Dippy's Closet, I learned from Karen, is a grassroots volunteer driven outreach that provides free clothing for men, women, and children with the specific goal “to attract homeless folks and individual and families who are struggling financially to purchase quality clothing.” She was first inspired to share her father's wardrobe when he unexpectedly passed in Sept of 2022; and she began donating his wardrobe to men living in a recovery home in Greenfield. “It was a great way to rechannel the pain of losing my dad into helping others,” especially seeing “so many people living on the streets of Greenfield.”
Karen estimates that, in their 9 outreaches on the Commons from June to early November, about 50 people have visited weekly and left with clothing. She has widened the circle of donors, including co-workers at the Valley Medical Group Easthampton and the Giving Circle Thrift Shop of South Deerfield.
Asked what this act of kindness for other fellow humans means for her, she replied “I want to show the folks who are struggling that we do notice, that we do care and they are valued. It is my hope that our little clothing mission might inspire others to serve the homeless. It is not that hard and so incredibly rewarding....”
Karen mentioned being inspired by the Stone Soup Café, seeing their efforts to serve folks in need. And I noticed that some who stopped by Pippy’s Closet then headed to Stone Soup Café, one long block away, for a gourmet, healthy lunch, offered each Saturday from noon to 1:30.
This pay-what-you can community cafe, whose intent is “to build a culture of belonging,” has grown since its opening in 2010 from serving 25 meals to 600 meals each week. Their Community Free Store, an emergency curbside food pantry, was created at the prompting of their guests during the onset of the pandemic. It provides between 80-110 households with groceries, produce and personal care items at no charge to them. In 2022 Stone Soup created a tuition-free 12-week Culinary Institute program career training to people seeking a new career path, especially those who are seeking employment after a period of incarceration or recovery from addiction. Those accepted into the program leave with a Food Handlers License, a ServSafe Certificate in Kitchen Management, job skills, practicum experience, and references for securing work in the food sector of Franklin County.
Explaining her intense commitment, co-director and chef, Kirsten Levitt said; “My life’s passion is to service…humans are hardwired for service.” Head of Volunteers, Sarah Hilliard, is motivated by “a lot of love. No human being should be without food.”

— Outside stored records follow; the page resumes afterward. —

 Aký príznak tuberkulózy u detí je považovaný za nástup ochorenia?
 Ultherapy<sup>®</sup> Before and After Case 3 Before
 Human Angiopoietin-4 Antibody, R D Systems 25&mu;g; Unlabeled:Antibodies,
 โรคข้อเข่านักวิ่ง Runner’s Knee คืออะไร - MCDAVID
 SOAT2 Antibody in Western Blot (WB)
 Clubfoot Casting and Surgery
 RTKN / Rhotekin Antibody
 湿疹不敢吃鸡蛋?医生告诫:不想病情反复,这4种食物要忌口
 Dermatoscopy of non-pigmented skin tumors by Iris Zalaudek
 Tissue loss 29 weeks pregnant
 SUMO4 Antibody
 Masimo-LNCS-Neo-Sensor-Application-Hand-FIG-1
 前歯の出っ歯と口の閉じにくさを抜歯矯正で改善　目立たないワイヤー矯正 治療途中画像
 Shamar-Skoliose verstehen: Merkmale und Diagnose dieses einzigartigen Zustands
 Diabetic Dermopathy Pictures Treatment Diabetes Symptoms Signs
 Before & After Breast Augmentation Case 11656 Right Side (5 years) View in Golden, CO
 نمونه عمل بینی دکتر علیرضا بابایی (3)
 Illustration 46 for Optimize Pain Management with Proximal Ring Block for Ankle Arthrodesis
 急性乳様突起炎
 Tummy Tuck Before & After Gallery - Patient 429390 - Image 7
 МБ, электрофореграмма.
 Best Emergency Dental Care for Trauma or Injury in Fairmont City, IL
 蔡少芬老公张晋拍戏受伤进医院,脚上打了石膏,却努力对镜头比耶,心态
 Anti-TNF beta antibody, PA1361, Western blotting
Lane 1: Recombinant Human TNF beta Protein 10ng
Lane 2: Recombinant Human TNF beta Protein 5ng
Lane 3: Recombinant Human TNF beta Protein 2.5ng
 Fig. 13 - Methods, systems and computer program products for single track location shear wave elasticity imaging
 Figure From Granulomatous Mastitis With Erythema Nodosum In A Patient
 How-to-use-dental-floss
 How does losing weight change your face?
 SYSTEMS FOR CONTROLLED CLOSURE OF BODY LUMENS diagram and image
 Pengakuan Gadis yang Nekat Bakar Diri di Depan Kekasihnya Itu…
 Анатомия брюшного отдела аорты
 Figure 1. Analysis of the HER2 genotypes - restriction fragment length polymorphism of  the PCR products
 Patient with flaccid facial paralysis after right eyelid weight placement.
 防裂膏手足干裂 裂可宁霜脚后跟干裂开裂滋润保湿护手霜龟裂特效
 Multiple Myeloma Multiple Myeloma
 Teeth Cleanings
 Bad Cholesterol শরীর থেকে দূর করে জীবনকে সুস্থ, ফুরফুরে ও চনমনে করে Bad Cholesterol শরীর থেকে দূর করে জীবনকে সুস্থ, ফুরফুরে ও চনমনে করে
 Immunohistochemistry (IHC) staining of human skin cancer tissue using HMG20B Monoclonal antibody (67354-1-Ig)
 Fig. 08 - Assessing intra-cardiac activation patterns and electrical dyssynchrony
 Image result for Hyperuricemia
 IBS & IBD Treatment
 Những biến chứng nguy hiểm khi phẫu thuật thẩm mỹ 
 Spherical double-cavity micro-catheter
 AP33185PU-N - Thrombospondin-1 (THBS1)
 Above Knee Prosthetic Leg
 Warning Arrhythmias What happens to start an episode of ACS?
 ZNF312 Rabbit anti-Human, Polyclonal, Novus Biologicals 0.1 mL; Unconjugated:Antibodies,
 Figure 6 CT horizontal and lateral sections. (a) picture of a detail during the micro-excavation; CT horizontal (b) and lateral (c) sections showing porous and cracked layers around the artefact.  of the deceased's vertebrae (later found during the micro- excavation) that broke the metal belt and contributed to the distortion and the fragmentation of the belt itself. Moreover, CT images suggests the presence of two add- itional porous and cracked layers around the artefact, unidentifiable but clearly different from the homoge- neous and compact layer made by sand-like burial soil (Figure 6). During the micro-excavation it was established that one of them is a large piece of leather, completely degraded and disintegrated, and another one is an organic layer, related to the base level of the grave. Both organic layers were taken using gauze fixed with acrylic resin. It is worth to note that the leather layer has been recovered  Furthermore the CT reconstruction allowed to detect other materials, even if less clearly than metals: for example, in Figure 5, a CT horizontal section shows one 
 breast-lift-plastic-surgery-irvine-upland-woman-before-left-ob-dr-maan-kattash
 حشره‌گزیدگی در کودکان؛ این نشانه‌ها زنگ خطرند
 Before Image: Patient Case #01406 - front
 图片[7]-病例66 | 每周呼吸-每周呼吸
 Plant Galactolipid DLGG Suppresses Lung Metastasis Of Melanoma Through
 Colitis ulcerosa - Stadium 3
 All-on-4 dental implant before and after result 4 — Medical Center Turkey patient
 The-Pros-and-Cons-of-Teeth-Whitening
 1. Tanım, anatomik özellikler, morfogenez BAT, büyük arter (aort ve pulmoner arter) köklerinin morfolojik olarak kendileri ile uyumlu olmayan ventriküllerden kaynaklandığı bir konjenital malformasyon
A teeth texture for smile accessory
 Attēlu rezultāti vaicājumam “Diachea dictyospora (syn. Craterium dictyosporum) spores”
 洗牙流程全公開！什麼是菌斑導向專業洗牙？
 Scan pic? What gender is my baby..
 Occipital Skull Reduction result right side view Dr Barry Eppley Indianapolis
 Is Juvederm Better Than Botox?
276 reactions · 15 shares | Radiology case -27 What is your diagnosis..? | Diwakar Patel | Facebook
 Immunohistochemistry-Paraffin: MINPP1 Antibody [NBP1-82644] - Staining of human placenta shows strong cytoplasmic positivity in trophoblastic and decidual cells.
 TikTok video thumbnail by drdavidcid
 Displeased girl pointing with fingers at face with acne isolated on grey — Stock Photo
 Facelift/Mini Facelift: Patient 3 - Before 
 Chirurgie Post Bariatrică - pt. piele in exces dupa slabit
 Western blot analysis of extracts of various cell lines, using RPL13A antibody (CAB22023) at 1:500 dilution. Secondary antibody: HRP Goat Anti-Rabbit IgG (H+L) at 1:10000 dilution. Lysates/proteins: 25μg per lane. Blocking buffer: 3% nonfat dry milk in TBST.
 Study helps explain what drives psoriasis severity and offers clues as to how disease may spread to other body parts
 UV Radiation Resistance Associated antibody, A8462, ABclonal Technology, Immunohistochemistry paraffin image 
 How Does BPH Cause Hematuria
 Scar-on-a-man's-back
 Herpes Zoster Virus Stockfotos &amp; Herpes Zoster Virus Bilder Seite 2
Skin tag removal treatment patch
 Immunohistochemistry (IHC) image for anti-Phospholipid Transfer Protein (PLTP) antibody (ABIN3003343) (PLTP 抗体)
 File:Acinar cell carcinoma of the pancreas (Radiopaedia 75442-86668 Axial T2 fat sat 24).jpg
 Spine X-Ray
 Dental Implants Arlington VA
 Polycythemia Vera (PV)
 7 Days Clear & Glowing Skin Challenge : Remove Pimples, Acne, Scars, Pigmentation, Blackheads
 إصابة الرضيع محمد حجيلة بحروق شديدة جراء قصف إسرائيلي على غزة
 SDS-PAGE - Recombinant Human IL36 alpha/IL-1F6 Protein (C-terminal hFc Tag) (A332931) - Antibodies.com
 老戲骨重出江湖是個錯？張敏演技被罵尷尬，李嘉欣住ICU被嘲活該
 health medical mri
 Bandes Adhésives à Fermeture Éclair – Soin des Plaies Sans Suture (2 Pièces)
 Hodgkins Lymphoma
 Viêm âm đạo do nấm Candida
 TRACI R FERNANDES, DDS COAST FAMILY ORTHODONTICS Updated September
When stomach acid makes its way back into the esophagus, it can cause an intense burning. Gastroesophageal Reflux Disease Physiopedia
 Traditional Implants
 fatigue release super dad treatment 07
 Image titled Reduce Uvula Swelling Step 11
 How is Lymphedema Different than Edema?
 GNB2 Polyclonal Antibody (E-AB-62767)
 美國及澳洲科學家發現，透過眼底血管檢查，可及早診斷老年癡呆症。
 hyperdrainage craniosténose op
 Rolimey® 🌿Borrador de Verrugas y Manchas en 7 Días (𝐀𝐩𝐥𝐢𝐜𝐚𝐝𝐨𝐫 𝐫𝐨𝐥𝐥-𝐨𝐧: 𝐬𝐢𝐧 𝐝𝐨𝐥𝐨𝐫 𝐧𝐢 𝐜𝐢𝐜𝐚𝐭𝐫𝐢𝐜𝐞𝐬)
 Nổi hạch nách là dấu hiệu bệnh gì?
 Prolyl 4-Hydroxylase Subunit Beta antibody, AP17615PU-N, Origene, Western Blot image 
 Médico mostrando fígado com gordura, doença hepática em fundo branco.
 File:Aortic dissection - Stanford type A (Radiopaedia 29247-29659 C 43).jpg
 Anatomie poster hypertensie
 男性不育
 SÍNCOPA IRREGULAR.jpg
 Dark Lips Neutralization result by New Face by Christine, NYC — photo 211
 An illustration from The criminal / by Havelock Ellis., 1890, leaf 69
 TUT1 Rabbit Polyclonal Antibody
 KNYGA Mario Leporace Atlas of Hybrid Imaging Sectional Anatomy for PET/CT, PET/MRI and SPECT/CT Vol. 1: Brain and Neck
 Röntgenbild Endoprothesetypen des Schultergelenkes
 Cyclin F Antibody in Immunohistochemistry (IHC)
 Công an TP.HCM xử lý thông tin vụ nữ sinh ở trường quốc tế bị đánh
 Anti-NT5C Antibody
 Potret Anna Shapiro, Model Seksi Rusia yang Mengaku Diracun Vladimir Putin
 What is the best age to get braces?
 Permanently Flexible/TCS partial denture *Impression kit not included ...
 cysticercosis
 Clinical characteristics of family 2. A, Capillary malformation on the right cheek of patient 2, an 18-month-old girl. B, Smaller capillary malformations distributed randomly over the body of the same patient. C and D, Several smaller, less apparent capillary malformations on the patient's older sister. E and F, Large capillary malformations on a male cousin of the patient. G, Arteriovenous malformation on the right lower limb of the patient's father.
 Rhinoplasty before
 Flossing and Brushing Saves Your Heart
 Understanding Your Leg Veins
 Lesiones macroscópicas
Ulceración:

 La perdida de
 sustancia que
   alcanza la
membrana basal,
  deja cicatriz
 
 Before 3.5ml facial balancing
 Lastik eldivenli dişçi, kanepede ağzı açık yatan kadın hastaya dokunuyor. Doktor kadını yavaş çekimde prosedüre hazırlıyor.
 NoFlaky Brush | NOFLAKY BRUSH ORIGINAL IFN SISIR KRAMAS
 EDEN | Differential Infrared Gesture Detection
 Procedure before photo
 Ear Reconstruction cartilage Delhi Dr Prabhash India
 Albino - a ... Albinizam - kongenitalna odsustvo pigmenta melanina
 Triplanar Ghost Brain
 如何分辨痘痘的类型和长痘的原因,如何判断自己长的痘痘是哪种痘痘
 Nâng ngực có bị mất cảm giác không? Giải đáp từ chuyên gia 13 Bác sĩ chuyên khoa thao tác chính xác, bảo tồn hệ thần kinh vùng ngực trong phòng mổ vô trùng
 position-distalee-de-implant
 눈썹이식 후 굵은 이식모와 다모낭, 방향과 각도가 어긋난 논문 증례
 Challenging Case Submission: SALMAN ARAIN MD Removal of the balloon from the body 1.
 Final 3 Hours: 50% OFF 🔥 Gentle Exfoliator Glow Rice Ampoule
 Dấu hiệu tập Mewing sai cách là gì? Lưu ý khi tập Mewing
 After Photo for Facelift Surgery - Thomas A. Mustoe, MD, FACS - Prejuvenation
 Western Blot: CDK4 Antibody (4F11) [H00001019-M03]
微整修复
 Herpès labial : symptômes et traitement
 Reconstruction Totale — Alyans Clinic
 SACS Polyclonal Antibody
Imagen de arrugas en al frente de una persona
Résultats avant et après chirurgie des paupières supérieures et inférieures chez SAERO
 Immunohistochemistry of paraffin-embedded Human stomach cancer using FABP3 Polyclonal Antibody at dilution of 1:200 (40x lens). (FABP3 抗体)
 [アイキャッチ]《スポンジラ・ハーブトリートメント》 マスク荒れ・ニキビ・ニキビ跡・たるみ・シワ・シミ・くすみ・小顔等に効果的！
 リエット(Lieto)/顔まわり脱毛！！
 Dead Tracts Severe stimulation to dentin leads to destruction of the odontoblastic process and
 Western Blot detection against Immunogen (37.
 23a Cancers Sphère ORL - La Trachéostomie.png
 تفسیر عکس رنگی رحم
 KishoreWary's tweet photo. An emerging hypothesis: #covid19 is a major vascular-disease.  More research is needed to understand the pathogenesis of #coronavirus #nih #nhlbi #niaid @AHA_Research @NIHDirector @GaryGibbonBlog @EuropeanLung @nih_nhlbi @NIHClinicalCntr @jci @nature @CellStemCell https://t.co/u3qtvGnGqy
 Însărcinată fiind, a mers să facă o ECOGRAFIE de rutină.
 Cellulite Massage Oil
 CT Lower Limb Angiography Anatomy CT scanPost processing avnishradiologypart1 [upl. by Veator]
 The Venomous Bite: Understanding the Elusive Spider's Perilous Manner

Nearby in the Second Congregational Church, Gloria Matlock and volunteer tutors work with up to 20 children, to augment their chances to thrive as they grow in the innovative Twice As Smart program founded by Matlock in 2018. Her lofty four-fold mission is to:
Some Twice As Smart students are immigrants and many live in public housing.
This model of holistic education is clearing the students’ obstacle-laden path to higher education, jobs and a deep sense of self, a cause to which artist, musician, and former teacher Gloria Matlock has committed her life.
Are these programs using charity to remedy social injustice, as some might claim? Jane Addams would disagree. In 1892, this eminent social reformer explained that Hull House, her settlement house in a poor precinct of Chicago, was not a charity. Its purpose — and, for Addams, a central obligation of being a citizen — was to help America’s less fortunate make the most of themselves. “To call this effort [charity]…is to underestimate the duties of good citizenship.”
I would add that, with one-half of Americans either poor or a medical emergency away from economic ruin, these programs in our midst and the thousands like them across our country are beacons of civilization in a nation that pumps the world full of military weapons, while its soul empties from within.